Quelles sont les provenances géographiques de ces objets ?

Les objets et manuscrits présentés dans l’exposition sont issus de l’espace méditerranéen, mais aussi du monde iranien et indien, puisque est évoquée la personnalité de Garcin de Tassy ; des pages de miniatures indiennes qui ont été versées récemment au Musée Granet d’Aix en Provence sont ainsi exposées pour la première fois et publiées par notre collègue Yves Porter de l’université d’Aix en Provence.
La stèle de Béréniké (actuellement Benghazi en Libye) provenant de la collection de Cardin Lebret est également présentée, puisque l’identité des collectionneurs provençaux grâce auxquels elle a pu nous être transmise, depuis le XVIIème siècle, est clairement référencée.
Sont également présentés des objets et documents relatifs à l’Egypte, autour des Marseillais Clot-Bey et Pascal Coste qui participèrent à la modernisation de l’Egypte de Mehmet Ali.
Cette exposition est également l’occasion de rappeler que plusieurs participants à l’expédition d’Egypte (1798) furent des Provençaux, comme Venture de Paradis (m. 1799), bien sûr, mais aussi Amédée Jaubert qui lui succéda comme premier interprète auprès de Bonaparte et qui est à l’origine d’une méthode d’apprentissage du turc.
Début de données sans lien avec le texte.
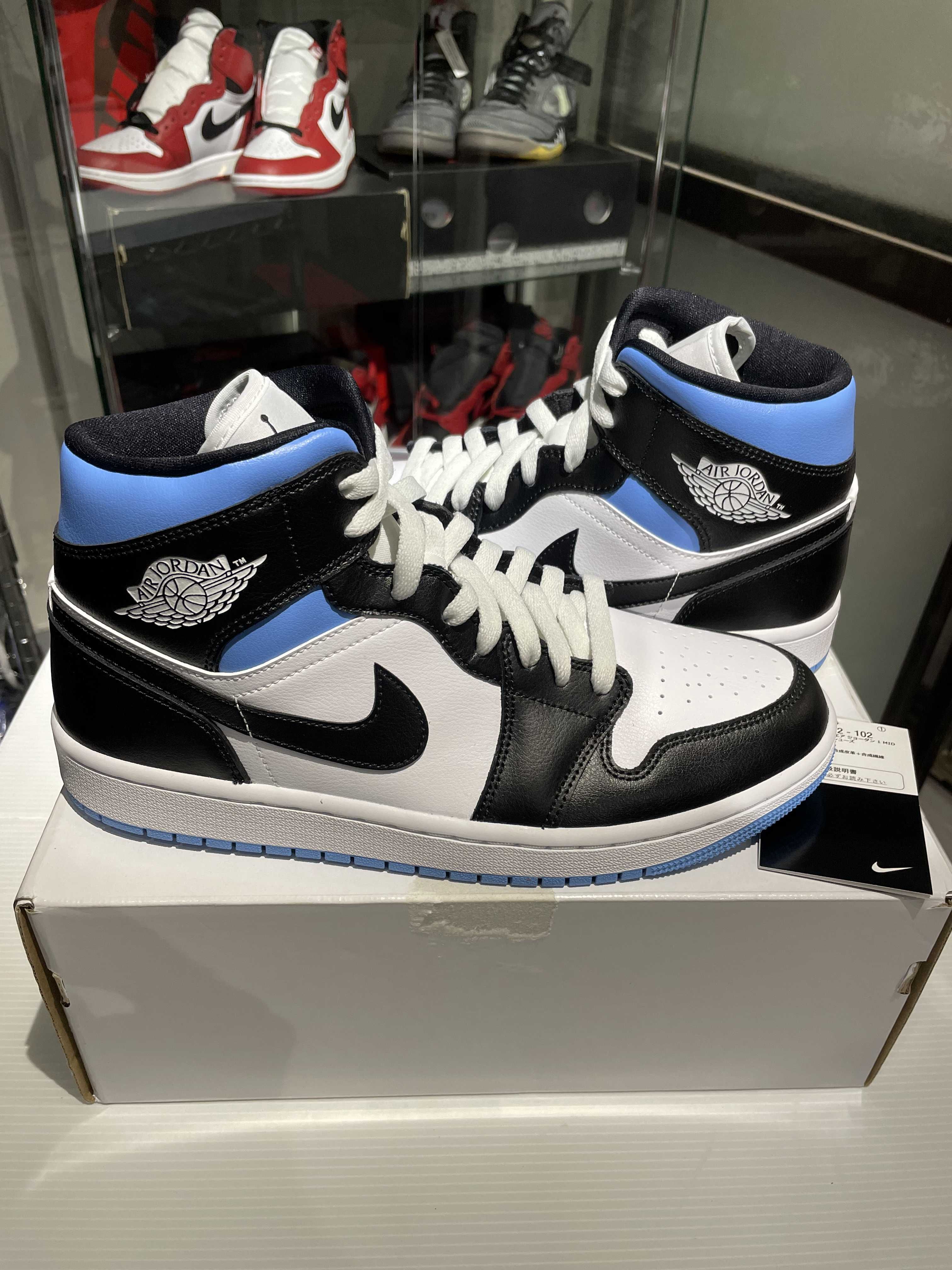 Nike Women's Air Jordan 1 Mid "Black/University Blue"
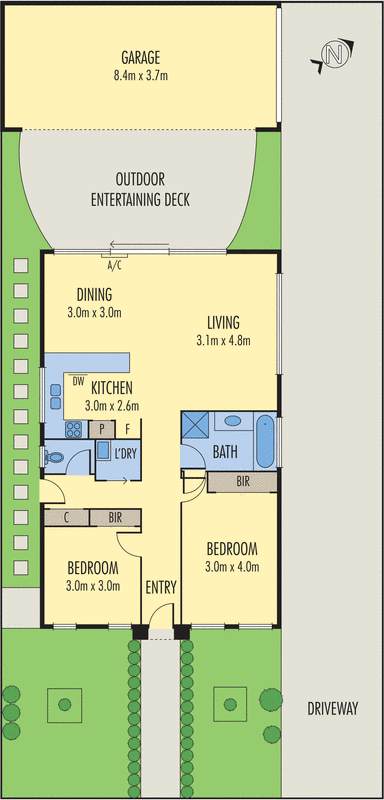 1/6 Drysdale Avenue, Newcomb VIC 3219 - Floorplan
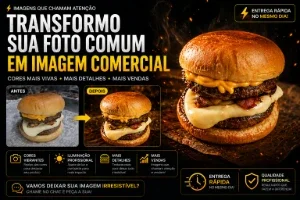 Edição de Fotos Profissionais para Anúncios (Venda Mais)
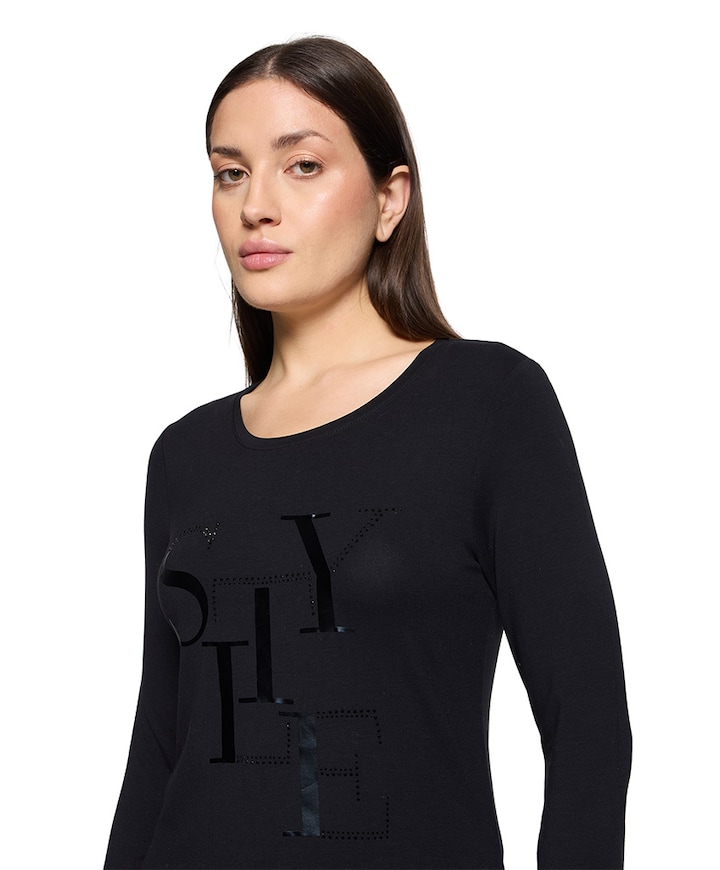Dames longsleeve zwart
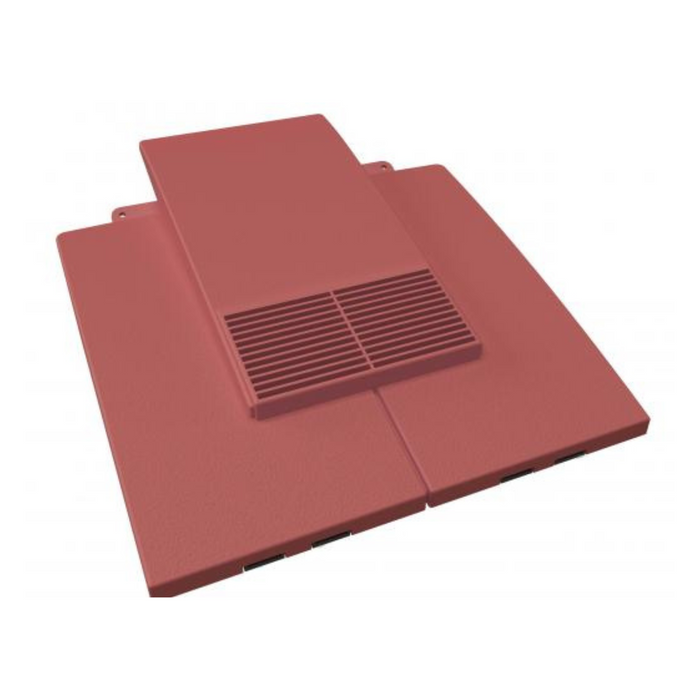 Manthorpe Antique Red Plain In-line Roof Tile Vent & Pipe Adapter / for concrete and Clay Tiles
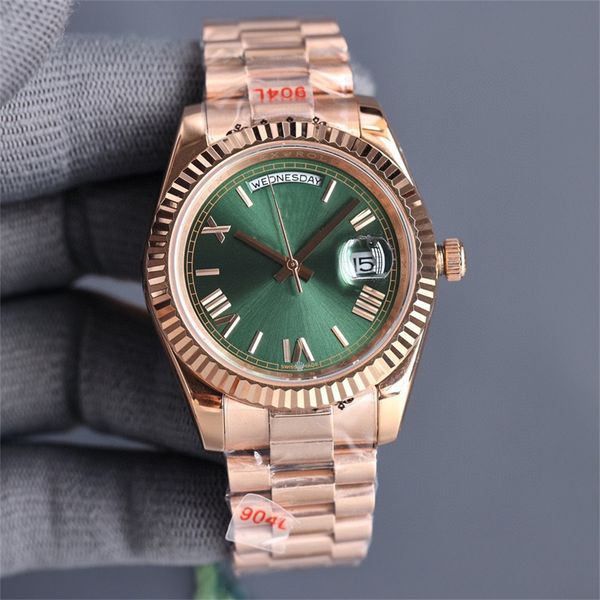 

with original box high-quality watch 41mm 8k white gold movement automatic mens gd bracelet men's watches 2024, Slivery;brown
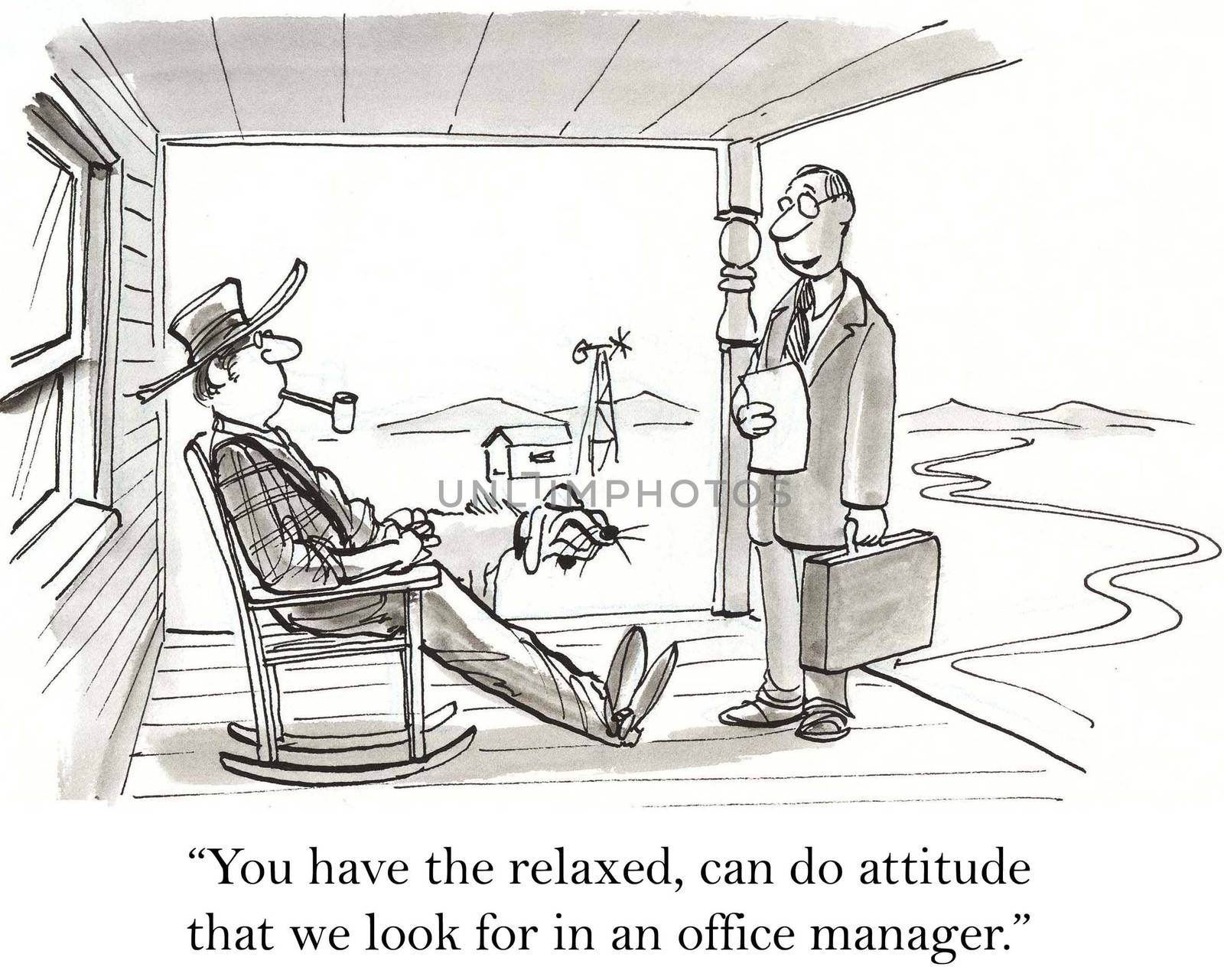 "You have the relaxed, can do attitude we look for in an office manager."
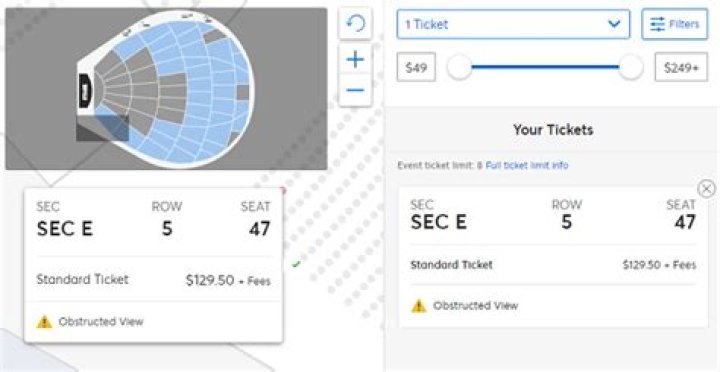 What is an obstructed view ticket?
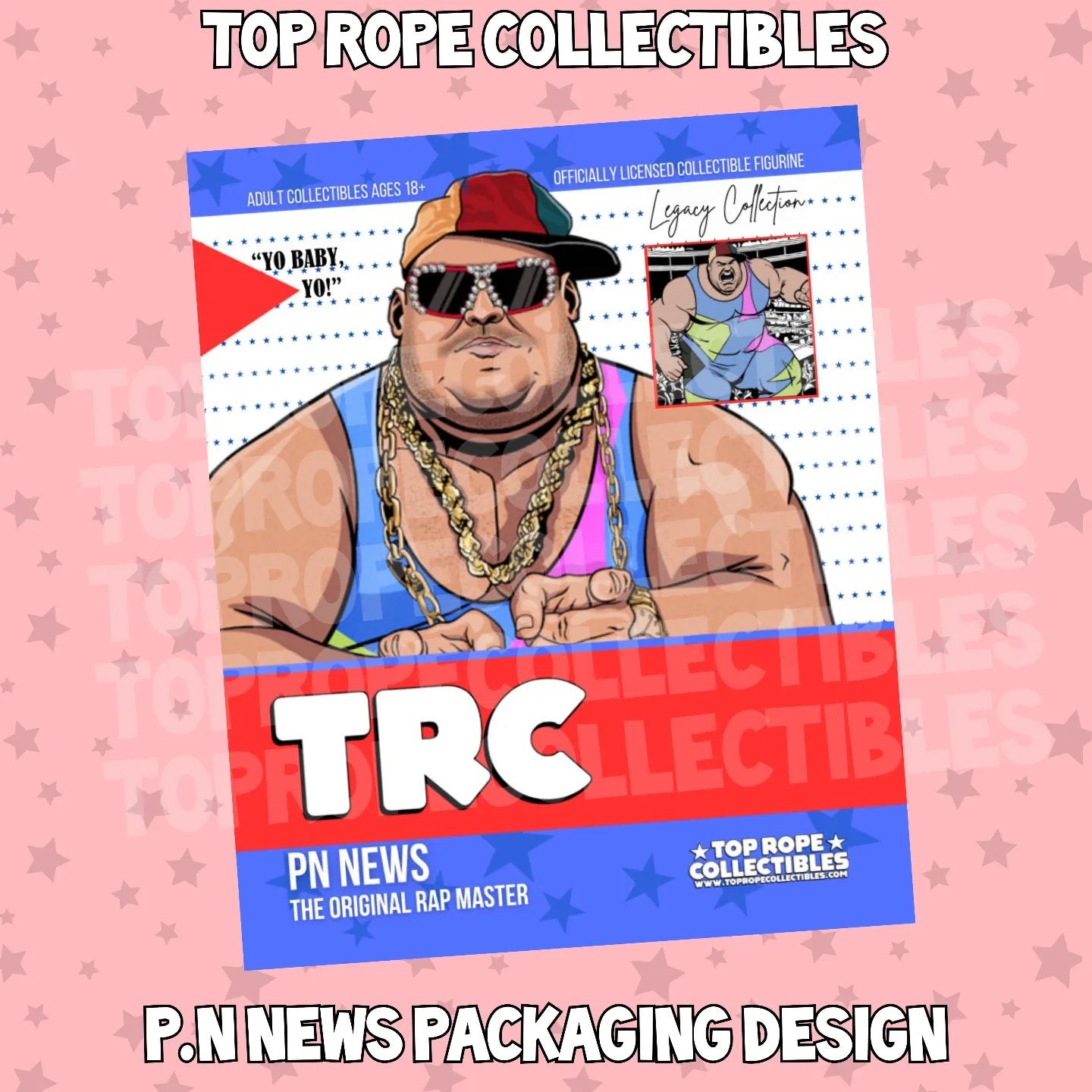 2025 Top Rope Collectibles PN News [Blue]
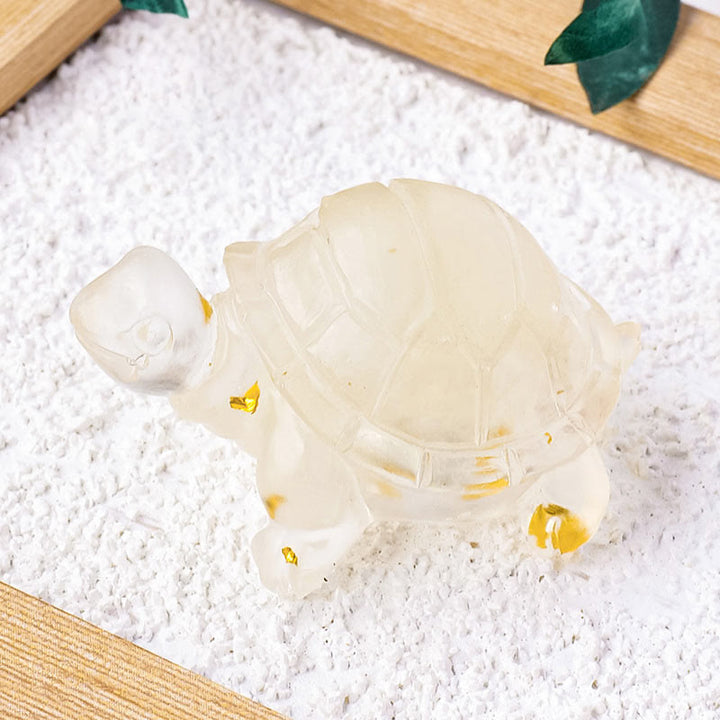 Buddha Stones Różne Kamień Cytryn Zielony Awenturyn Ametyst Miniaturowy Żółw Dobrobyt Dekoracja Domu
Pouvez-vous nous donner des exemples d’objets collectionnés par ces érudits ?

La personnalité de Auguste Pécoul, mort en 1916, est très intéressante pour l’enrichissement des collections aixoises à la fin du XXème siècle et au début du XXème siècle. Chartiste, diplomate, catholique, il fut en poste à Madrid, et constitua une collection de livres et d’objets marquée par l’éclectisme ; il conservait ainsi dans sa bibliothèque versées à la Méjanes, plusieurs exemplaires de la Bibliothèque Orientale de Barthélémy d’Herbelot qui fut publiée en 1776 grâce au travail de Galland et qui constitua pendant longtemps une source importante pour la connaissance des sociétés de Méditerranée. Néanmoins, il est certain que Pécoul fut marqué par Ernest Renan qui contribua à l’orientalisme savant en soulignant au XIXème siècle, à la suite des fouilles archéologiques qu’il mena, l’intérêt pour les langues et les civilisations phéniciennes, mais aussi pour les territoires de Palestine et leurs références bibliques.

Quelles sont les thématiques abordées au cours de l’exposition ?

Le parcours est organisé de manière chronologique, de la fin du XVIème siècle jusqu’au milieu du XXème siècle, et scandé par de grandes personnalités, savants ou collectionneurs, qui, depuis Nicolas Fabri de Peiresc ont utilisé les supports matériels du patrimoine pour essayer de comprendre l’histoire et le monde. Les documents les plus récents sont ceux prêtés par la MMSH d’Aix en Provence et associés à Arsène Roux qui contribua à l’étude des langues berbères du Maroc et engagea des travaux de lexicologie afin de constituer un dictionnaire, projet qu’il ne put malheureusement mener à bien.

Comment cette exposition s’intègre-t-elle dans le thème de l’orientalisme et dans celui, très en vogue aujourd’hui, des arts de l’islam ?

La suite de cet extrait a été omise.